=== Stored items from a collection ===
Content starts

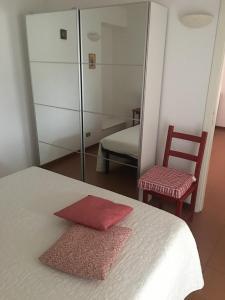 1 dormitorio con cama, espejo y silla en Ca da Lalla en Carro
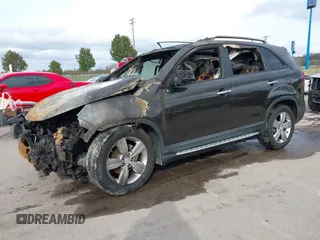2012 Kia Sorento EX z VIN 5XYKU4A28CG228167, wystawiony jako IAAI lot #40730275 z przebiegiem Nie podano mil oraz . Historia ofert i sprzedaży dostępna na DreamBid. Obrazek 2.
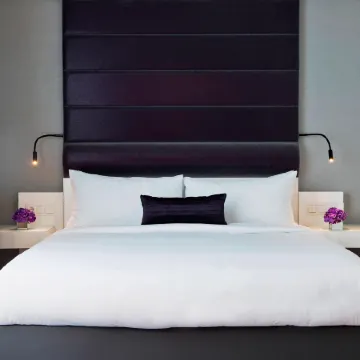 Renaissance Wien Hotel Отели рядом с достопримечательностью «Дворец Шëнбрунн»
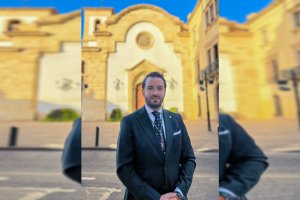 Jesús Latorre es candidato a hermano mayor de la Virgen del Mar, patrona de Almería.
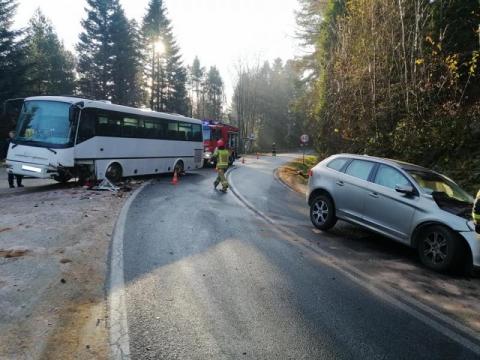Wypadek w Bereście. Zderzyły się dwa samochody i autobus, którym jechały dzieci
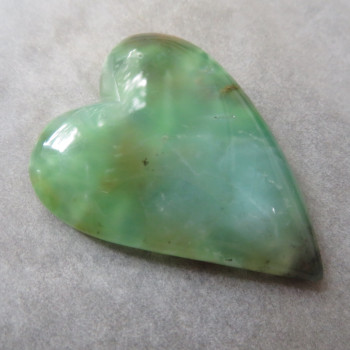 Chrysoprase Brazil XL heart no.01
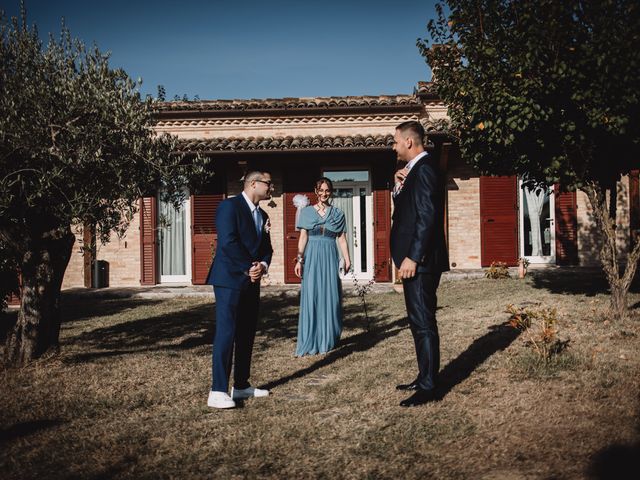 Il matrimonio di Melissa e Rocco a Montecosaro, Macerata 6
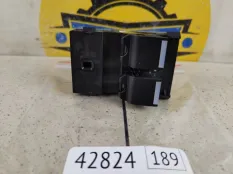 Блок кнопок Land Rover Discovery 5 2019 LR081322 L462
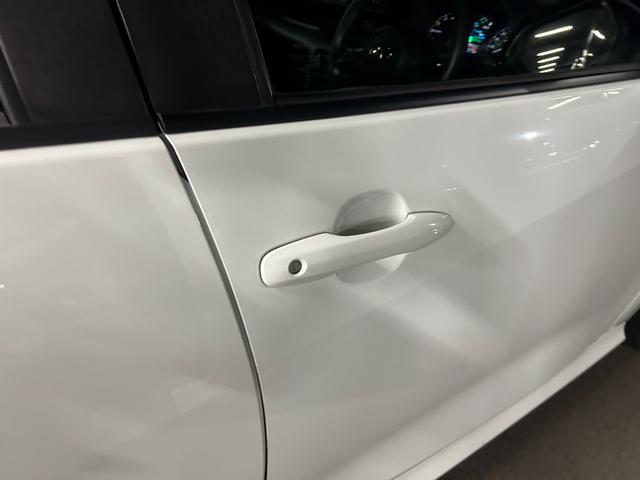 ヤリス Ｘ　ナビ付　Ｂｌｕｅｔｏｏｔｈ対応　バックカメラ付　衝突被害軽減ブレーキ　クリアランスソナー　盗難防止システム　スマートキー　オートライト　エコモード搭載　横滑り防止装置（27枚目）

Content ends

=== What this task involves ===
Your reply should repeat the entries above exactly, leaving the pictures out.

=== Written solution ===
 1 dormitorio con cama, espejo y silla en Ca da Lalla en Carro
2012 Kia Sorento EX z VIN 5XYKU4A28CG228167, wystawiony jako IAAI lot #40730275 z przebiegiem Nie podano mil oraz . Historia ofert i sprzedaży dostępna na DreamBid. Obrazek 2.
 Renaissance Wien Hotel Отели рядом с достопримечательностью «Дворец Шëнбрунн»
 Jesús Latorre es candidato a hermano mayor de la Virgen del Mar, patrona de Almería.
Wypadek w Bereście. Zderzyły się dwa samochody i autobus, którym jechały dzieci
 Chrysoprase Brazil XL heart no.01
 Il matrimonio di Melissa e Rocco a Montecosaro, Macerata 6
 Блок кнопок Land Rover Discovery 5 2019 LR081322 L462
 ヤリス Ｘ　ナビ付　Ｂｌｕｅｔｏｏｔｈ対応　バックカメラ付　衝突被害軽減ブレーキ　クリアランスソナー　盗難防止システム　スマートキー　オートライト　エコモード搭載　横滑り防止装置（27枚目）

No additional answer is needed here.